The headline story coming out of Lorient this summer was the decision to get rid of the artificial pitch at the Stade du Moustoir in favour of the real thing. If only they had done the same for their rigid players, then Sylvain Ripoll might still have a job.

And it started so positively against Caen on the opening weekend. Les Merlus were 2-0 up before half an hour had been played, Benjamin Moukandjo and Majeed Waris combined wonderfully and they had the game by the scruff of the neck.

Then Zargo Touré was sent off for a professional foul as the last man and the game slowly unravelled from there. Two goals in quick succession meant Sylvain Ripoll’s men did not even make it to the half-time break ahead and while they held on valiantly in the second half, Ivan Santini finally broke their resistance with three minutes to go.

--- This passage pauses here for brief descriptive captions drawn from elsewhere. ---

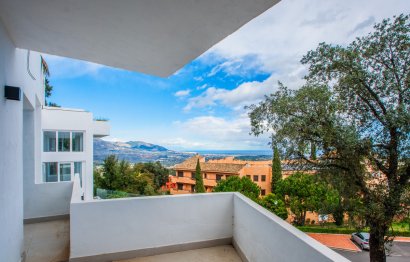 Resale - Apartment - Middle Floor Apartment - Marbella - La Mairena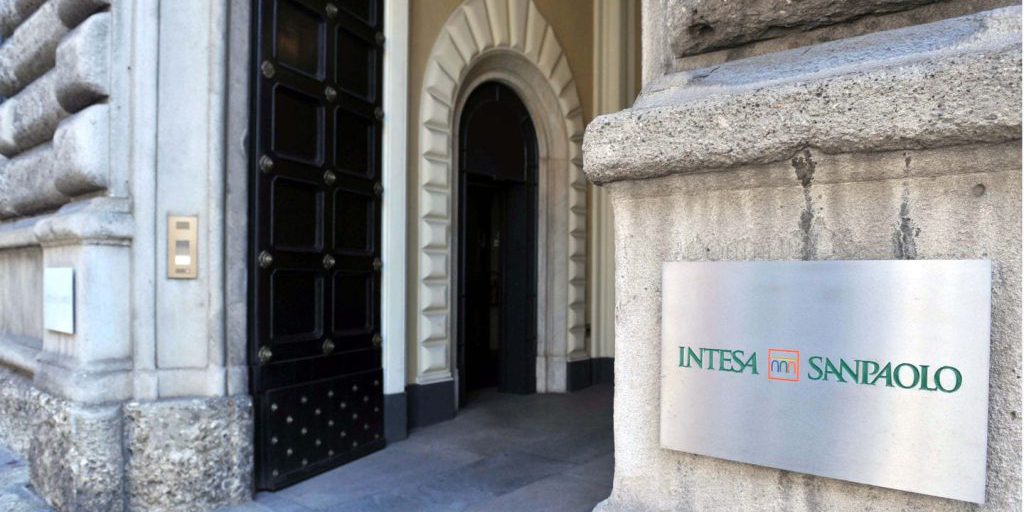 Intesa Sanpaolo Registra Utile Netto di 7,6 Miliardi nei Primi Nove Mesi dell'Anno con una Crescita del 5,9% Rispetto allo Stesso Periodo dell'Anno Precedente
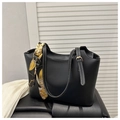 Dettaglio borsa shopper nera con cuciture bianche a contrasto e sciarpa di seta a fiori - Nero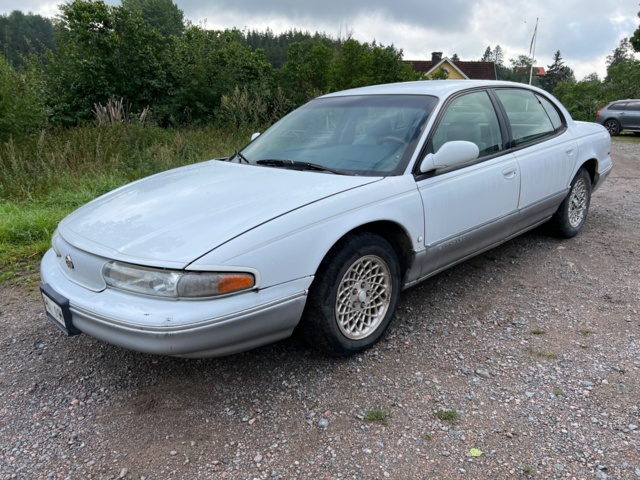 1064363-1 Chrysler LHS 3.5 V6 - 1994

A crushing blow for Les Merlus but a series of events that they could hope to recover from quickly against the famously homesick SC Bastia. Even though they had lost the advantage of their artificial pitch, this had to be a fixture fans were looking to and thinking that Lorient could win at a canter.

Instead, they were stung by a superb strike from Allan Saint-Maximin and they never recovered. Didier Ndong’s parting gift was a first-half red card before absent defending allowed Bordeaux loanee Enzo Crivelli to double the Corsicans’ lead before the break.

It only got worse from there as substitute Benjamin Jeannot’s exuberance and the referee’s eagerness combined, seeing the former given his marching orders after colliding with the official. Then came the icing on the cake as Crivelli struck a killer blow with nine minutes remaining: a wonderfully guided effort into the top corner.

If they could not hear the alarm bells ringing by then, those bells were surely deafening after a 2-0 loss to Marseille. The biggest club in France had not won at the Stade Velodrome in 15 games but they waltzed to victory against a Lorient side more willing to lie down and get their tummies rubbed than actually put in a shift.

Remy Cabella opened up proceedings with a decent free-kick that Benjamin Lecomte should do better with, before L’OM were allowed to march right through the heart of Lorient’s defence for Bafetimbi Gomis to seal a deserved win. Lacking in guile, toughness and any edge up top, Les Merlus were soundly beaten.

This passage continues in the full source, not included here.